Category Archives: Laos

Highlights of Luang Prabang

Luang Prabang

Wat Xieng Thong

Last weekend, I spent three nights and four days in Luang Prabang, Northern Laos. I reckon you would need at least three full days to appreciate the city and the surrounding area. Perhaps a bit longer if you want to take it easy and soak up the local atmosphere at your own pace. Luang Prabang is not really that big. With a good strong pair of legs you can easily visit all the main attractions during one day on foot. I walked the whole time and never once took one of the tuk tuks.

I think in many ways the city lived up to all expectations. People kept telling me that Laos is Thailand 15 years ago. If they meant a slower way of life, honest and sincere people, and hardly any traffic on the road, then they are surely right. I found the Laos people in Luang Prabang to be both kind and warm and very generous in their hospitality. I had just bought a baguette chicken sandwich and was sitting down to eat when a neighbouring stallholder offered me some of her fruit to eat. Talking to other Thai people about this, they agreed that everything in Thailand has become so commercialized now.

Luang Prabang

Apart from the slow pace of life, I think the highlight was the temples and the monks. Fortunately, many of the buildings are protected by UNESCO as Luang Prabang became a World Heritage Site in 1995. This includes many of the temples, the royal palace, and quite a few of the French colonial buildings. The most attractive temple is undoubtedly Wat Xiang Thong (You pronounce the “X” like an “S”). The murals and mosaics are very beautiful. In fact, most temples I visited had an attractive attribute. Walking around town you see monks everywhere. Well, to be precise, most of them are novice monks. Many of them became novices in order to take advantage of free schooling. Quite surprisingly, there weren’t that shy and many times I was approached by young monks who wanted to practice their English. This is something that doesn’t happen so often in Thailand these days.

Luang Prabang

Phu Si Hill

When you first arrive in the city, it is a good idea to climb to the top of Phu Si Hill. There is a golden chedi at the top but the views alone are worth the climb. Nearby is the former Royal Palace and National Museum. The Royal Family was deposed in 1975 and this museum gives you a chance to look back at the glory days of the Kingdom of Laos. The guidebooks list about half a dozen temples to visit. But, you don’t really need to stick to this. Just wander around and enter any that look interesting from the outside. You might find a few surprises or just meet a local who wants to chat with you. In fact, that is what I did most of the time. I didn’t try to see everything as very early on I decided that I would be coming back for another visit in the future. And so I felt I should leave a few major locations for later. Two places I didn’t go to were day trips from the city. These were the Buddha caves at Tham Ting and the waterfalls. I also didn’t take a trip on the mighty Mekhong River which is worth doing. Though maybe when it is a bit warmer.

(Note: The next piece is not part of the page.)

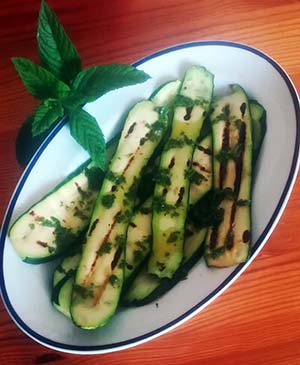 Zucchine grigliate con emulsione allo zenzero e menta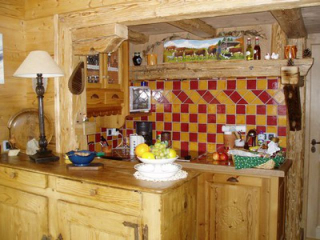 COMBLOUX Cosy rez jardin dans chalet individuel-face Mt-Blanc, 2 pas du village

I flew to Luang Prabang which is quite expensive. There are cheaper overland options which include a two day slow boat ride. You can also drive up from Vientienne which I would love to do in my own car one day. It is apparently possible to take your own car across the Thai border though obviously there is a lot of paperwork involved. Once you arrive there then your holiday can be quite cheap. My guesthouse was only about $10 per night. Food and drink is also inexpensive though most of the major temples and the museum charge about 20,000 kip entry ($2) which starts to add up. Particularly when some temples you want to go back two or three times at different times of the day. A fair amount of English is spoken though I used Thai for most of the time. Most Lao and Thai numbers are the same which makes shopping easier for people coming from Thailand. I would say the city is safe though if you are looking for night life then you will be disappointed. Most people are in bed by 11 a.m. But if you are looking for a good side trip from Thailand then I would highly recommend Luang Prabang. Probably visit Chiang Mai or Chiang Rai first and then go from there.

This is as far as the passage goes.